Metrics and signals to monitor
| Signal | Why it matters | Warning sign |
|---|---|---|
| Chunk distribution skew | Predicts hot shard and query latency bias | >20% count difference between any two shards |
| Balancer state | Tells you whether rebalancing is attempted | sh.getBalancerState() returns false or no migrations in changelog for >1 hour |
| Jumbo chunk count | Permanent migration blockers | Any jumbo: true chunk persisting >1 hour |
| Config server member state | Metadata operations need a healthy primary | Any config server not PRIMARY or SECONDARY |
Per-shard opLatencies p99 | Detects hot shard before saturation | One shard p99 >2x the others for >5 minutes |
| WiredTiger ticket utilization | Migrations add I/O pressure on donor and recipient | Available tickets <25% of total during active migrations |
| WiredTiger cache dirty ratio | Checkpoint pressure rises during large moves | Dirty ratio >10% sustained during migration windows |
| Migration changelog abort rate | Direct evidence of balancer failures | Repeated moveChunk.abort entries with details.errmsg |
Fixes
Re-enable or widen the balancer
If the balancer was disabled during maintenance, re-enable it from mongos:
sh.startBalancer()
To restrict balancing to off-peak hours, set an active window.

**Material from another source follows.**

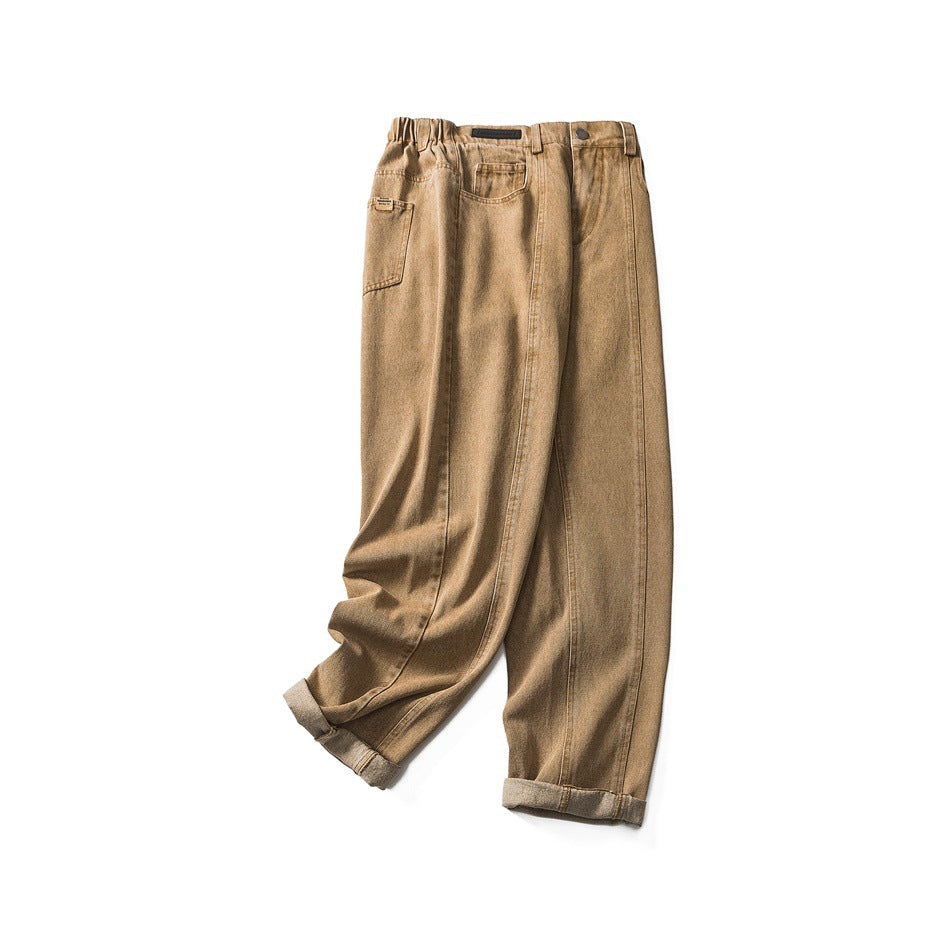 Full view of tan washed jeans laid flat, with a gathered waistband, front pockets, and rolled cuffs.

Avoid widening the window into peak traffic until donor and recipient shards have enough headroom, because migrations add read and write load to both sides.
Resolve config server pressure
The balancer cannot commit metadata changes without a config server primary. If the config server replica set has no primary, is in election churn, or suffers replication lag, fix the replica set first. Do not attempt chunk migrations during config server instability. See How MongoDB actually works in production for config server failure modes.
Address jumbo chunks
If the chunk is splittable: some jumbo chunks contain distinct shard key values but grew too large because the splitter lagged. Force a split at a valid boundary:
// Split the chunk containing this document at a midpoint
sh.splitFind("database.collection", { shardKeyField: "value" })
// Or split at an explicit boundary
sh.splitAt("database.collection", { shardKeyField: "value" })
After the split, the resulting chunks are no longer jumbo and the balancer can migrate them.
If documents share an identical shard key value: MongoDB cannot split the chunk, and the balancer will not migrate it. The permanent fix is a shard key that can distribute the documents. In MongoDB 5.0 and later, use live resharding:
db.adminCommand({
reshardCollection: "database.collection",
key: { newShardKeyField: 1 }
})
Live resharding rewrites chunks in the background, but it is I/O intensive and should be scheduled during a low-traffic window.
In MongoDB 4.4 and earlier, live resharding is not available. The collection must be rebuilt:
- Choose the new shard key.
- Dump the collection or copy it to an unsharded staging collection.
- Drop the original collection.
- Create a new empty collection with the desired shard key using
shardCollection. - Restore the data.
- Update application references if necessary.
For large collections this takes time and disk space. Plan the cutover carefully; for some workloads it is easier to dual-write to a new sharded collection and migrate reads gradually.
Reduce migration pressure
If migrations abort because donor or recipient shards saturate, either widen the capacity or narrow the migration window to a cooler period. You can also reduce the impact per migration by temporarily lowering chunkSize so individual chunks are smaller, but this increases the total number of migrations. Use it only when shards have spare I/O and the network between shards is healthy.
Validate
After each change, re-run the chunk count aggregation and the jumbo query. Expect skew to drop below 10% over the next few balancer rounds. If skew stalls above 10% and no jumbo chunks remain, check the changelog for aborts and the config server for instability.